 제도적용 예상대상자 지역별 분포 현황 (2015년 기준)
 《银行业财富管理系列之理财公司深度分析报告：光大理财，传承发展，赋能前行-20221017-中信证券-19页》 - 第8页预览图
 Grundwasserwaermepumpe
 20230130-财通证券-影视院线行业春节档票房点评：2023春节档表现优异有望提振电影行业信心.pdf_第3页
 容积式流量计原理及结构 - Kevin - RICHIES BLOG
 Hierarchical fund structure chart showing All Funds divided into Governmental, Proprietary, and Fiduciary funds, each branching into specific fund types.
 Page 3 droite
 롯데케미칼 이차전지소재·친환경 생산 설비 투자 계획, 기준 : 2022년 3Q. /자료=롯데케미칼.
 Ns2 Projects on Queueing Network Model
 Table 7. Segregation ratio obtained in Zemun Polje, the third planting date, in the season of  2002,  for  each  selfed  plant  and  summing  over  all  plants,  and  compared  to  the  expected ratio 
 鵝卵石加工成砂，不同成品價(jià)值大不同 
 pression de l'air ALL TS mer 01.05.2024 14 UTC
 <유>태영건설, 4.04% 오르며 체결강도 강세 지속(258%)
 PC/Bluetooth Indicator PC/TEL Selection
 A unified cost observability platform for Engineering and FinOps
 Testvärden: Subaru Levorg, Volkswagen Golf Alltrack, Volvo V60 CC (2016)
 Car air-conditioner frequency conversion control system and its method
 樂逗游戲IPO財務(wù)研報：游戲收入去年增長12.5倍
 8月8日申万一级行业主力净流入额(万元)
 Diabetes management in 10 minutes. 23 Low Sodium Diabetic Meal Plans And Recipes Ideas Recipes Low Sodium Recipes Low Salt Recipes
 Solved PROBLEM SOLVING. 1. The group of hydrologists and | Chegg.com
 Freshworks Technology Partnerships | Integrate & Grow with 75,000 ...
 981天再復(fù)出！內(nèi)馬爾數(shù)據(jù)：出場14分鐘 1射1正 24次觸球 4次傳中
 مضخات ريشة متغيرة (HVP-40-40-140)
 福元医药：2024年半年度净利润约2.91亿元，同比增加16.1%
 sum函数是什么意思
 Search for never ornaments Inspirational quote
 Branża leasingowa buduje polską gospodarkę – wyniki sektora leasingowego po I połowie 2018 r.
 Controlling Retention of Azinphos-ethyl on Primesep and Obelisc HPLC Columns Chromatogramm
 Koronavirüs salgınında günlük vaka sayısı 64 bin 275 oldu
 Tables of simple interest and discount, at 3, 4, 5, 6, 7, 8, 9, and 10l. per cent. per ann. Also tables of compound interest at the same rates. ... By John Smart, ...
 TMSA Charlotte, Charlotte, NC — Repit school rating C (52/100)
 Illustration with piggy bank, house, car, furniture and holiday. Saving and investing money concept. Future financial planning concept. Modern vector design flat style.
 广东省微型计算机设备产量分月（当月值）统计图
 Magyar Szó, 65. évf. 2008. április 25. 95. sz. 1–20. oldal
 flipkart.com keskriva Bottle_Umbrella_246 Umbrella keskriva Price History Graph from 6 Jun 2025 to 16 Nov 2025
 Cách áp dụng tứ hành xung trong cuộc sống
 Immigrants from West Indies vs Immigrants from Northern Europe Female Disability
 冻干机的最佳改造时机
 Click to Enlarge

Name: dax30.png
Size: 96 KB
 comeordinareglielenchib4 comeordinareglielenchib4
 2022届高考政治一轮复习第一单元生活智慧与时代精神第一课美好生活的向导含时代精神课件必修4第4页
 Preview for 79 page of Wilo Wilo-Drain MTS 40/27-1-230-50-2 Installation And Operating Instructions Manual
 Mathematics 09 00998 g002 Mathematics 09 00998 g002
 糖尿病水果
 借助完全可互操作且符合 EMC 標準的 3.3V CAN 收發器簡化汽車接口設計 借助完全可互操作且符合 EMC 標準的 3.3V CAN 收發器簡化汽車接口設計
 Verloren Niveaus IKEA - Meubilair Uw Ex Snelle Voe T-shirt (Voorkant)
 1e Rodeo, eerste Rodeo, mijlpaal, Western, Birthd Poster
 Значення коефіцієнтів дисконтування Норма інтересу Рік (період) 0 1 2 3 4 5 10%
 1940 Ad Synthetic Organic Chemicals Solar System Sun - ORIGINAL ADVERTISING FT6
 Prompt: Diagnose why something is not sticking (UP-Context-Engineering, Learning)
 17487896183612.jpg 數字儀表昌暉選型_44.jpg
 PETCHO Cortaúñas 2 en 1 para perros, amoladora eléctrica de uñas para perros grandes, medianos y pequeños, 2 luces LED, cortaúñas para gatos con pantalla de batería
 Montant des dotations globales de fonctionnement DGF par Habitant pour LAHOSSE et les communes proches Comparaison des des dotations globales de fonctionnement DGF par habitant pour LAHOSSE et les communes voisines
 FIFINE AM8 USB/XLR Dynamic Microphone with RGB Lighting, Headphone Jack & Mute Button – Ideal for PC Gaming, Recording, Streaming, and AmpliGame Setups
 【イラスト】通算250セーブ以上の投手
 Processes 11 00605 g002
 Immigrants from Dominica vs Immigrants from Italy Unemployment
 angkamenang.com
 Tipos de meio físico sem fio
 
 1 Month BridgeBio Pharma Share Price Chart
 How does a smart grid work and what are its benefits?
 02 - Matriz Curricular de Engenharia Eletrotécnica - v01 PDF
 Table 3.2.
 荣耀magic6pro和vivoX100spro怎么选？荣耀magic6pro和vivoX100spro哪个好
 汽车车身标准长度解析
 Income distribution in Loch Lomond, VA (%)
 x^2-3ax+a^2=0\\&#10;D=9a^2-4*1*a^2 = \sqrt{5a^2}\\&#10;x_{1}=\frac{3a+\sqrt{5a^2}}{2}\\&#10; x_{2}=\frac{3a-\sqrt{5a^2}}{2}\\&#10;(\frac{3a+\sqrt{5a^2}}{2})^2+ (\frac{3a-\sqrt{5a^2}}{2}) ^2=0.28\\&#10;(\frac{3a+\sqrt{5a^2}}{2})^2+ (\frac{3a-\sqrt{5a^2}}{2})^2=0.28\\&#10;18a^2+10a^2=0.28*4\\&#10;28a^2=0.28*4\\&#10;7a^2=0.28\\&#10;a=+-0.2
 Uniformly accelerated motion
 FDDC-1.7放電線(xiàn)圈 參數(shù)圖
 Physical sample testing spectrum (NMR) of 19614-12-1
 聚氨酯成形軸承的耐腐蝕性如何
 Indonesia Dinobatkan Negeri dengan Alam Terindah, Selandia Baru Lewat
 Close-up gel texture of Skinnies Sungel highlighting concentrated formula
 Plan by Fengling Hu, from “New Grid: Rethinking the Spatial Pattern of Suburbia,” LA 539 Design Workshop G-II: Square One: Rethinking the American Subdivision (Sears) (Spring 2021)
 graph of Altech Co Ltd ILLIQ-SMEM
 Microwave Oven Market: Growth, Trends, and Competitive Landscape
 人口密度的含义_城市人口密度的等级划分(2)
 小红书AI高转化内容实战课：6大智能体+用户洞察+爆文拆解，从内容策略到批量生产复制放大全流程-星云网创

Aim of the exercise: Would you output the full listing exactly as it stands?

Response for this exercise:
 제도적용 예상대상자 지역별 분포 현황 (2015년 기준)
 《银行业财富管理系列之理财公司深度分析报告：光大理财，传承发展，赋能前行-20221017-中信证券-19页》 - 第8页预览图
 Grundwasserwaermepumpe
 20230130-财通证券-影视院线行业春节档票房点评：2023春节档表现优异有望提振电影行业信心.pdf_第3页
 容积式流量计原理及结构 - Kevin - RICHIES BLOG
 Hierarchical fund structure chart showing All Funds divided into Governmental, Proprietary, and Fiduciary funds, each branching into specific fund types.
 Page 3 droite
 롯데케미칼 이차전지소재·친환경 생산 설비 투자 계획, 기준 : 2022년 3Q. /자료=롯데케미칼.
 Ns2 Projects on Queueing Network Model
 Table 7. Segregation ratio obtained in Zemun Polje, the third planting date, in the season of  2002,  for  each  selfed  plant  and  summing  over  all  plants,  and  compared  to  the  expected ratio 
 鵝卵石加工成砂，不同成品價(jià)值大不同 
 pression de l'air ALL TS mer 01.05.2024 14 UTC
 <유>태영건설, 4.04% 오르며 체결강도 강세 지속(258%)
 PC/Bluetooth Indicator PC/TEL Selection
 A unified cost observability platform for Engineering and FinOps
 Testvärden: Subaru Levorg, Volkswagen Golf Alltrack, Volvo V60 CC (2016)
 Car air-conditioner frequency conversion control system and its method
 樂逗游戲IPO財務(wù)研報：游戲收入去年增長12.5倍
 8月8日申万一级行业主力净流入额(万元)
 Diabetes management in 10 minutes. 23 Low Sodium Diabetic Meal Plans And Recipes Ideas Recipes Low Sodium Recipes Low Salt Recipes
 Solved PROBLEM SOLVING. 1. The group of hydrologists and | Chegg.com
 Freshworks Technology Partnerships | Integrate & Grow with 75,000 ...
 981天再復(fù)出！內(nèi)馬爾數(shù)據(jù)：出場14分鐘 1射1正 24次觸球 4次傳中
 مضخات ريشة متغيرة (HVP-40-40-140)
 福元医药：2024年半年度净利润约2.91亿元，同比增加16.1%
 sum函数是什么意思
 Search for never ornaments Inspirational quote
 Branża leasingowa buduje polską gospodarkę – wyniki sektora leasingowego po I połowie 2018 r.
 Controlling Retention of Azinphos-ethyl on Primesep and Obelisc HPLC Columns Chromatogramm
 Koronavirüs salgınında günlük vaka sayısı 64 bin 275 oldu
 Tables of simple interest and discount, at 3, 4, 5, 6, 7, 8, 9, and 10l. per cent. per ann. Also tables of compound interest at the same rates. ... By John Smart, ...
 TMSA Charlotte, Charlotte, NC — Repit school rating C (52/100)
 Illustration with piggy bank, house, car, furniture and holiday. Saving and investing money concept. Future financial planning concept. Modern vector design flat style.
 广东省微型计算机设备产量分月（当月值）统计图
 Magyar Szó, 65. évf. 2008. április 25. 95. sz. 1–20. oldal
 flipkart.com keskriva Bottle_Umbrella_246 Umbrella keskriva Price History Graph from 6 Jun 2025 to 16 Nov 2025
 Cách áp dụng tứ hành xung trong cuộc sống
 Immigrants from West Indies vs Immigrants from Northern Europe Female Disability
 冻干机的最佳改造时机
 Click to Enlarge

Name: dax30.png
Size: 96 KB
 comeordinareglielenchib4 comeordinareglielenchib4
 2022届高考政治一轮复习第一单元生活智慧与时代精神第一课美好生活的向导含时代精神课件必修4第4页
 Preview for 79 page of Wilo Wilo-Drain MTS 40/27-1-230-50-2 Installation And Operating Instructions Manual
 Mathematics 09 00998 g002 Mathematics 09 00998 g002
 糖尿病水果
 借助完全可互操作且符合 EMC 標準的 3.3V CAN 收發器簡化汽車接口設計 借助完全可互操作且符合 EMC 標準的 3.3V CAN 收發器簡化汽車接口設計
 Verloren Niveaus IKEA - Meubilair Uw Ex Snelle Voe T-shirt (Voorkant)
 1e Rodeo, eerste Rodeo, mijlpaal, Western, Birthd Poster
 Значення коефіцієнтів дисконтування Норма інтересу Рік (період) 0 1 2 3 4 5 10%
 1940 Ad Synthetic Organic Chemicals Solar System Sun - ORIGINAL ADVERTISING FT6
 Prompt: Diagnose why something is not sticking (UP-Context-Engineering, Learning)
 17487896183612.jpg 數字儀表昌暉選型_44.jpg
 PETCHO Cortaúñas 2 en 1 para perros, amoladora eléctrica de uñas para perros grandes, medianos y pequeños, 2 luces LED, cortaúñas para gatos con pantalla de batería
 Montant des dotations globales de fonctionnement DGF par Habitant pour LAHOSSE et les communes proches Comparaison des des dotations globales de fonctionnement DGF par habitant pour LAHOSSE et les communes voisines
 FIFINE AM8 USB/XLR Dynamic Microphone with RGB Lighting, Headphone Jack & Mute Button – Ideal for PC Gaming, Recording, Streaming, and AmpliGame Setups
 【イラスト】通算250セーブ以上の投手
 Processes 11 00605 g002
 Immigrants from Dominica vs Immigrants from Italy Unemployment
 angkamenang.com
 Tipos de meio físico sem fio
 
 1 Month BridgeBio Pharma Share Price Chart
 How does a smart grid work and what are its benefits?
 02 - Matriz Curricular de Engenharia Eletrotécnica - v01 PDF
 Table 3.2.
 荣耀magic6pro和vivoX100spro怎么选？荣耀magic6pro和vivoX100spro哪个好
 汽车车身标准长度解析
 Income distribution in Loch Lomond, VA (%)
 x^2-3ax+a^2=0\\&#10;D=9a^2-4*1*a^2 = \sqrt{5a^2}\\&#10;x_{1}=\frac{3a+\sqrt{5a^2}}{2}\\&#10; x_{2}=\frac{3a-\sqrt{5a^2}}{2}\\&#10;(\frac{3a+\sqrt{5a^2}}{2})^2+ (\frac{3a-\sqrt{5a^2}}{2}) ^2=0.28\\&#10;(\frac{3a+\sqrt{5a^2}}{2})^2+ (\frac{3a-\sqrt{5a^2}}{2})^2=0.28\\&#10;18a^2+10a^2=0.28*4\\&#10;28a^2=0.28*4\\&#10;7a^2=0.28\\&#10;a=+-0.2
 Uniformly accelerated motion
 FDDC-1.7放電線(xiàn)圈 參數(shù)圖
 Physical sample testing spectrum (NMR) of 19614-12-1
 聚氨酯成形軸承的耐腐蝕性如何
 Indonesia Dinobatkan Negeri dengan Alam Terindah, Selandia Baru Lewat
 Close-up gel texture of Skinnies Sungel highlighting concentrated formula
 Plan by Fengling Hu, from “New Grid: Rethinking the Spatial Pattern of Suburbia,” LA 539 Design Workshop G-II: Square One: Rethinking the American Subdivision (Sears) (Spring 2021)
 graph of Altech Co Ltd ILLIQ-SMEM
 Microwave Oven Market: Growth, Trends, and Competitive Landscape
 人口密度的含义_城市人口密度的等级划分(2)
 小红书AI高转化内容实战课：6大智能体+用户洞察+爆文拆解，从内容策略到批量生产复制放大全流程-星云网创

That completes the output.